RECORDED DATA Start Marker
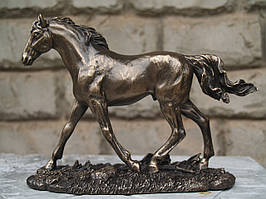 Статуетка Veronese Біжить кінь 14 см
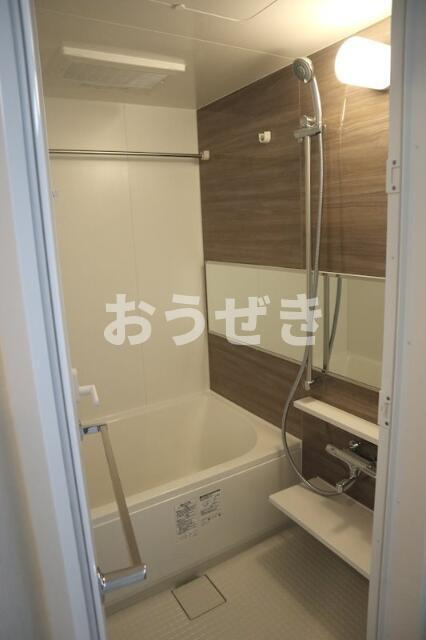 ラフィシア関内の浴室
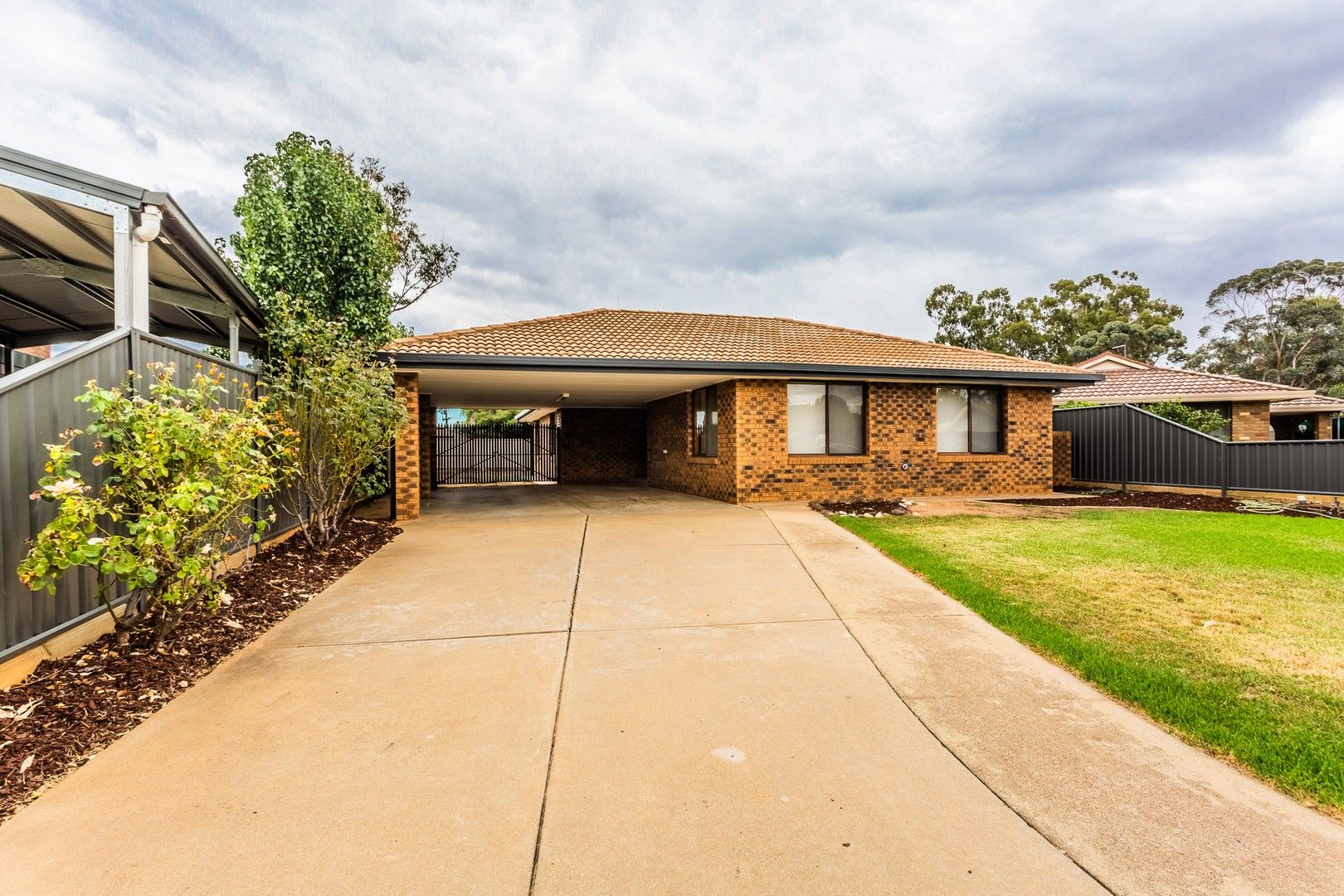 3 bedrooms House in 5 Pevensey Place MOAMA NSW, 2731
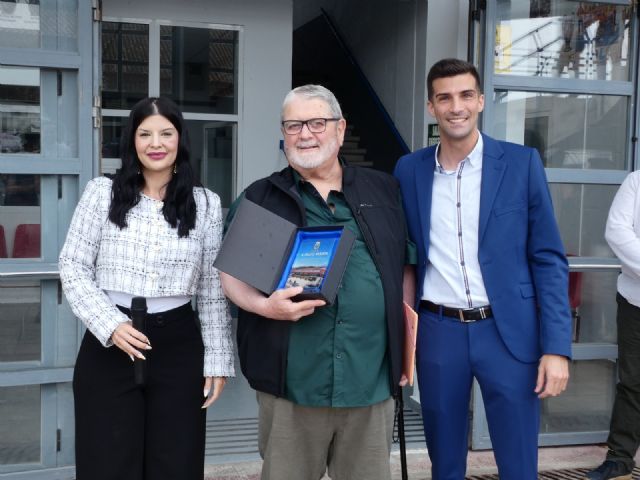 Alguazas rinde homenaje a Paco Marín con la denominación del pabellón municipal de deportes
RECORDED DATA End Marker
All of the data gets printed again exactly; the pictures do not.

 Статуетка Veronese Біжить кінь 14 см
 ラフィシア関内の浴室
 3 bedrooms House in 5 Pevensey Place MOAMA NSW, 2731
 Alguazas rinde homenaje a Paco Marín con la denominación del pabellón municipal de deportes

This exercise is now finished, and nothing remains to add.